Given entries Block Start

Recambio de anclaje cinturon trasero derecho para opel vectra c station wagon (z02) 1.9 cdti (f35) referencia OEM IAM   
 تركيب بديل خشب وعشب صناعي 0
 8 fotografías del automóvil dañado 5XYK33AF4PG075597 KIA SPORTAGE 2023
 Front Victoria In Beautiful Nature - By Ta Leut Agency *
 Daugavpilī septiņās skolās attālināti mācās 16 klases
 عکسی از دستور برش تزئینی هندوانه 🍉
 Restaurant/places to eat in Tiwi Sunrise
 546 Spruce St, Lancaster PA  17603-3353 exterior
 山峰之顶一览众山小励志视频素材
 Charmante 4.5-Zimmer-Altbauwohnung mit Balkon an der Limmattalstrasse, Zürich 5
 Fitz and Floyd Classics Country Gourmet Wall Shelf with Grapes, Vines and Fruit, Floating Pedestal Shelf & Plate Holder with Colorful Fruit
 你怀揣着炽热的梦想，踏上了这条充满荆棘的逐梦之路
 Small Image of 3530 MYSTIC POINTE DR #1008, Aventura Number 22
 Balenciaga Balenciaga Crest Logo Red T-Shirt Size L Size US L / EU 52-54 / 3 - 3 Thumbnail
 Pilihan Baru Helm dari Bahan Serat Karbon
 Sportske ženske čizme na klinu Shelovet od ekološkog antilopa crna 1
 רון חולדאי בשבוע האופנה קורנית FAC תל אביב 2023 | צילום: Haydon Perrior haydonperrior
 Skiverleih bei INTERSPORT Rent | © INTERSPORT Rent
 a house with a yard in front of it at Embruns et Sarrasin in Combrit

Given entries Block End

Work instructions: Print the full listing, word for word.

Final answer:
Recambio de anclaje cinturon trasero derecho para opel vectra c station wagon (z02) 1.9 cdti (f35) referencia OEM IAM   
 تركيب بديل خشب وعشب صناعي 0
 8 fotografías del automóvil dañado 5XYK33AF4PG075597 KIA SPORTAGE 2023
 Front Victoria In Beautiful Nature - By Ta Leut Agency *
 Daugavpilī septiņās skolās attālināti mācās 16 klases
 عکسی از دستور برش تزئینی هندوانه 🍉
 Restaurant/places to eat in Tiwi Sunrise
 546 Spruce St, Lancaster PA  17603-3353 exterior
 山峰之顶一览众山小励志视频素材
 Charmante 4.5-Zimmer-Altbauwohnung mit Balkon an der Limmattalstrasse, Zürich 5
 Fitz and Floyd Classics Country Gourmet Wall Shelf with Grapes, Vines and Fruit, Floating Pedestal Shelf & Plate Holder with Colorful Fruit
 你怀揣着炽热的梦想，踏上了这条充满荆棘的逐梦之路
 Small Image of 3530 MYSTIC POINTE DR #1008, Aventura Number 22
 Balenciaga Balenciaga Crest Logo Red T-Shirt Size L Size US L / EU 52-54 / 3 - 3 Thumbnail
 Pilihan Baru Helm dari Bahan Serat Karbon
 Sportske ženske čizme na klinu Shelovet od ekološkog antilopa crna 1
 רון חולדאי בשבוע האופנה קורנית FAC תל אביב 2023 | צילום: Haydon Perrior haydonperrior
 Skiverleih bei INTERSPORT Rent | © INTERSPORT Rent
 a house with a yard in front of it at Embruns et Sarrasin in Combrit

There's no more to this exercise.